8. Kettlebell Reverse Lunges 

Using an overhand grip, row coming to the front alternating two times row.

A big mistake is jerking the weight and that means it’s way too heavy. So if you have to jerk up the weight to get it up into that pocket, then you should probably think about lowering the weight a little bit. It’s better to do form first above heavy weights.

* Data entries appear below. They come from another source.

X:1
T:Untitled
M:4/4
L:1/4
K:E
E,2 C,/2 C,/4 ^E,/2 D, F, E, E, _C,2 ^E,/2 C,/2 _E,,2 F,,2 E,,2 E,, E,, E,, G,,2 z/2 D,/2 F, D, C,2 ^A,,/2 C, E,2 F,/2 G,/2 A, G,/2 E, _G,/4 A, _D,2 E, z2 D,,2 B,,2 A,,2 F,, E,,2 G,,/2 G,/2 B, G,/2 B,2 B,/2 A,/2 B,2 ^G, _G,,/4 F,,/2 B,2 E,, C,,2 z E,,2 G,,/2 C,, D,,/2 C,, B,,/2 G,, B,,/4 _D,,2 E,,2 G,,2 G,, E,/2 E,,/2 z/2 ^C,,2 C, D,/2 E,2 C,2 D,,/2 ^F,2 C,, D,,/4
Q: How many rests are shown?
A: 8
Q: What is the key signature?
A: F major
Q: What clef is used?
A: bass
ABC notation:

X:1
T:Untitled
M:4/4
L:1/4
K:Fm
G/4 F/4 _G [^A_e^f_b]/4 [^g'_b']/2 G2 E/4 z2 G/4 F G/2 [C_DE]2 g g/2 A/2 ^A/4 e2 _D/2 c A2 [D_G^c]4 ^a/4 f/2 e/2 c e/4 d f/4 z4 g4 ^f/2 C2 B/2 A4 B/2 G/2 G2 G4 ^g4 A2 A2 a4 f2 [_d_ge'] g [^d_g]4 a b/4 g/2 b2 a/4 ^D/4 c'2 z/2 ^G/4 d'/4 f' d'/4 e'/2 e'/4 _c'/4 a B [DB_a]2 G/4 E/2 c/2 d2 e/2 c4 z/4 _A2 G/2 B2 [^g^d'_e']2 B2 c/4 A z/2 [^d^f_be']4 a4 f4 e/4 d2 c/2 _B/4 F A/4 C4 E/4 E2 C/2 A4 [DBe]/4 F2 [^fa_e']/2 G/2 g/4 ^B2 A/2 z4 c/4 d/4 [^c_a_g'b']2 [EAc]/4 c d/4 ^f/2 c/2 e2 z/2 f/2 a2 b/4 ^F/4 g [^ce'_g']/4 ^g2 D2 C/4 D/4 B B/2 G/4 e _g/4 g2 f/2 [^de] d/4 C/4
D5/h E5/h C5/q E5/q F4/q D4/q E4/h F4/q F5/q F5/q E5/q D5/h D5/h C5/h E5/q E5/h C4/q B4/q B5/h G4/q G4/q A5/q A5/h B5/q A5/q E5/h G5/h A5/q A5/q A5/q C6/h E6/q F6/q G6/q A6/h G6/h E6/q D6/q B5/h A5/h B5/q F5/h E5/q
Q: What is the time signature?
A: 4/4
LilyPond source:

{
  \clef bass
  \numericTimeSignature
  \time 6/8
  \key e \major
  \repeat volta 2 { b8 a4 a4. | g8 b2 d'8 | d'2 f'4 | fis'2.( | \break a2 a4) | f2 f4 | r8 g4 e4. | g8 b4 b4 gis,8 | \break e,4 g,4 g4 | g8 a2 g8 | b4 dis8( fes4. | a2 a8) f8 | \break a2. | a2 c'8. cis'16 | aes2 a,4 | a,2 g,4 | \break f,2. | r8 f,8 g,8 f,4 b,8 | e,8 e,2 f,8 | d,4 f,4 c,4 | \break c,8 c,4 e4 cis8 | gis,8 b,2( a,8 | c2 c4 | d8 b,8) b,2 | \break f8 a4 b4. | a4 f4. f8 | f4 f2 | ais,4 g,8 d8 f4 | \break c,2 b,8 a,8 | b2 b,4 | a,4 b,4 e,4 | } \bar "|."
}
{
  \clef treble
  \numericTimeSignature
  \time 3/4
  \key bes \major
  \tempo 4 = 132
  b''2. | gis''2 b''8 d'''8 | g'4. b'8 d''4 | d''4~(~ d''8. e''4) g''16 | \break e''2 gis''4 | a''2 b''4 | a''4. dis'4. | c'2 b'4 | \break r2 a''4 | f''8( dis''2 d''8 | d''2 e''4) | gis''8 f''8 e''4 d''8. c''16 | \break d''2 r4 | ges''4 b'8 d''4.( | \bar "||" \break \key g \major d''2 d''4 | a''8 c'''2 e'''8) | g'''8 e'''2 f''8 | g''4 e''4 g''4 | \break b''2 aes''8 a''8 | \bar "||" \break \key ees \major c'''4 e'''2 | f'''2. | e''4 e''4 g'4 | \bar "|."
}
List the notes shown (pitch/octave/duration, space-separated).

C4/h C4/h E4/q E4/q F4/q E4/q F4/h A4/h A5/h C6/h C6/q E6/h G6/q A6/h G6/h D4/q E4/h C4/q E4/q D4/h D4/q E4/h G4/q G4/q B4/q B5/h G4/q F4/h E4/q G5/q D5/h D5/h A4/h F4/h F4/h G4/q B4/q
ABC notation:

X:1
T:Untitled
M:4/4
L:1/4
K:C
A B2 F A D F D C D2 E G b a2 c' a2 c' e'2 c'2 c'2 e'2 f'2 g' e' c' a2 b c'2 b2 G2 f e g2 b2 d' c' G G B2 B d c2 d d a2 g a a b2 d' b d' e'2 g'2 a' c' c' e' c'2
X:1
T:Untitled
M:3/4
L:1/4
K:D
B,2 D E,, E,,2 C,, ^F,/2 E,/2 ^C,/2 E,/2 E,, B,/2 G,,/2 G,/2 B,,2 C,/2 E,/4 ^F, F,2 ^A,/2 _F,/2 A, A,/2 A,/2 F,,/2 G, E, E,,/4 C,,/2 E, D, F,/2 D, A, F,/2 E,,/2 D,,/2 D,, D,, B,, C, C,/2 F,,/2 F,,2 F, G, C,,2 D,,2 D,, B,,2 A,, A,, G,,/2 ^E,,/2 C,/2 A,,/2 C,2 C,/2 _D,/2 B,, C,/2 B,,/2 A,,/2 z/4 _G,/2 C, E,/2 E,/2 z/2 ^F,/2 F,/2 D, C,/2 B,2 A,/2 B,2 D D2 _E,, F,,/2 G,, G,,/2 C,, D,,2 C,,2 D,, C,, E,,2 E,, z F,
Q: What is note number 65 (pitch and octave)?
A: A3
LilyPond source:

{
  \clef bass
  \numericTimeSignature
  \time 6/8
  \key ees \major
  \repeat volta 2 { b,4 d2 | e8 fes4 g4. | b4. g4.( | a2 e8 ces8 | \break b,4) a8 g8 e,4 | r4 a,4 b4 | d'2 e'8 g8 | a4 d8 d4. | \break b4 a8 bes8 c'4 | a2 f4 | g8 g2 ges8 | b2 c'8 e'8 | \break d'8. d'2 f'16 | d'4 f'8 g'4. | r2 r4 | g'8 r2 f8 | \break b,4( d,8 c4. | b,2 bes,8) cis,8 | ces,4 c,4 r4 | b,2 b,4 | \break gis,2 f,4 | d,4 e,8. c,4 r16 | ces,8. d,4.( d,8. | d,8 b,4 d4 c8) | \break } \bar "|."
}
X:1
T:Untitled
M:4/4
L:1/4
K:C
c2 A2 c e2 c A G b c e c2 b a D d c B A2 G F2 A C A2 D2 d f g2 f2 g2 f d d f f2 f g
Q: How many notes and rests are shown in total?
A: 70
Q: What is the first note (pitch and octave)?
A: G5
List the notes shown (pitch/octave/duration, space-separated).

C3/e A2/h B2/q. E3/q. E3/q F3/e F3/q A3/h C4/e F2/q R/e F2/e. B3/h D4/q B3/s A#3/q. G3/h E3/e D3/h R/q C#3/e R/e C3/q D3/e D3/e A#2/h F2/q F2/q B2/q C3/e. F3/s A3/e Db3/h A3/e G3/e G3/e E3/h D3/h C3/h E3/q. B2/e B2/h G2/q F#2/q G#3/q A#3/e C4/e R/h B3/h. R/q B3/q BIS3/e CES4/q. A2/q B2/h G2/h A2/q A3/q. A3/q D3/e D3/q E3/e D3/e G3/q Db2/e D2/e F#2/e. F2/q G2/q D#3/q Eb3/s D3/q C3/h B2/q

9. Ketlebell bob and leave

Kettlebell Bob and Leave is a great way to work out the back muscles. It involves holding a kettlebell in one hand while performing a squatting motion with the other. The squatting motion helps to strengthen the lower back, while the kettlebell adds resistance for an extra challenge. This exercise can be done anywhere, making it perfect for those who are short on time or don’t

10. Half Burpee Single Arm Deadlift

For the next one, get up in one line with your feet. You need a single kettlebell. We’re going to be starting with half burpees and switching to one arm deadlift. Keep a stable position.

11. Landmine Row 

Keeping the flat back, hinge forward from the hip. Bend in the knees a little bit. Draw your elbows back with an explosive movement.

Lower Back Kettlebell Exercises

12. Two-handed Kettlebell High Pull

Make sure the hip hinge is back on your heels first. You need a single kettlebell. Reach a kettlebell with two hands using a neutral grip. Begin with a big back swinging back between your hips. Your elbows have to drive up. 

13. Deadlifts

At the starting position, feet shoulder-width apart. Toes are parallel to each other. You need a single kettlebell. We want to push our hips backward which is called a hip hinge. Pull your shoulder blades in and backward and engage the upper part of your lats. Flow with the kettlebell movement.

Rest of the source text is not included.